Jessica Alba is another one that looks great in HD.


----------



## smiddy (Apr 5, 2006)

Stuart Sweet said:


> Let me first say that this movie has plot holes big enough to drive Optimus Prime through. Continuity problems, bad writing, just plain silliness. The location scouting... absurd. They get from Las Vegas to L.A. in 3.5 seconds.
> 
> But who cares? It was so much fun watching the robots! And even the special features are in HD!


While not as technically astute as you, I did find the movie a bit jerky and spontanious. But lots of fun.


----------



## braven (Apr 9, 2007)

We saw it in the theater. It was a fun movie. It would be nice if it was released on Blu-ray.


----------



## Stuart Sweet (Jun 19, 2006)

I know someone who had the SD DVD version and upgraded to a Toshiba A30... he says it's like night and day quality wise.


----------



## elaclair (Jun 18, 2004)

braven said:


> We saw it in the theater. It was a fun movie. It would be nice if it was released on Blu-ray.

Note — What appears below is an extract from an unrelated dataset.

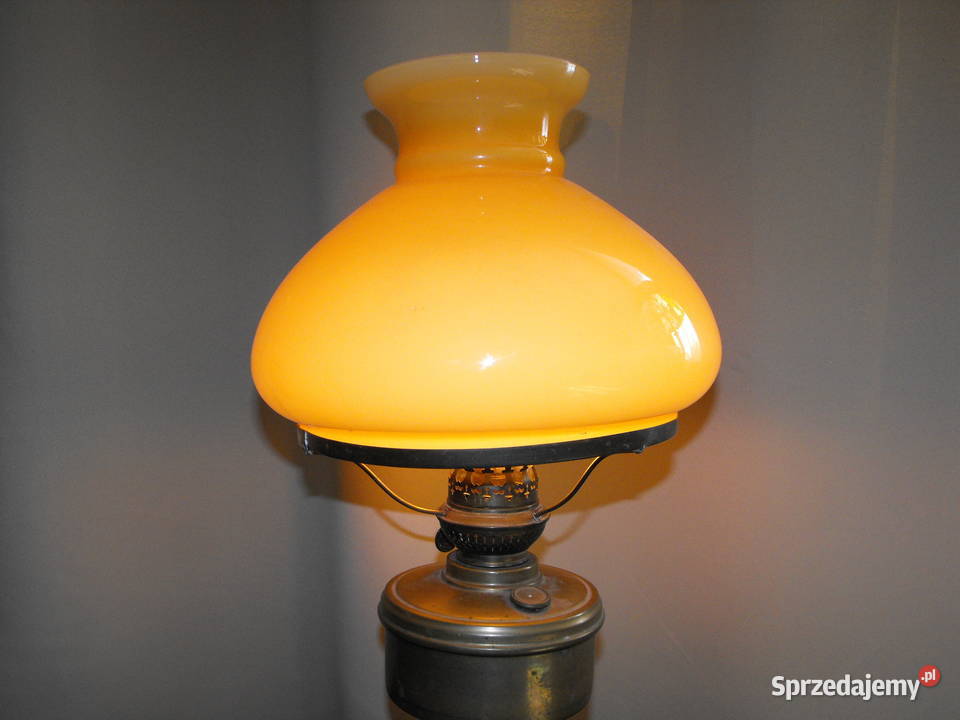 Mosiężna lampa z kloszem w stylu lampy naftowej Skierniewice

I'm sure once the studio's HD-DVD exclusivity runs out, Transformers will be one of the first one they re-release, and I'm sure all the extras will be in HiDef as well.


----------



## texaswolf (Oct 18, 2007)

elaclair said:


> I'm sure once the studio's HD-DVD exclusivity runs out, Transformers will be one of the first one they re-release, and I'm sure all the extras will be in HiDef as well.


i would think so....but look at Matrix....WB has been neutral and now blu and still hasn't released it on blu.


----------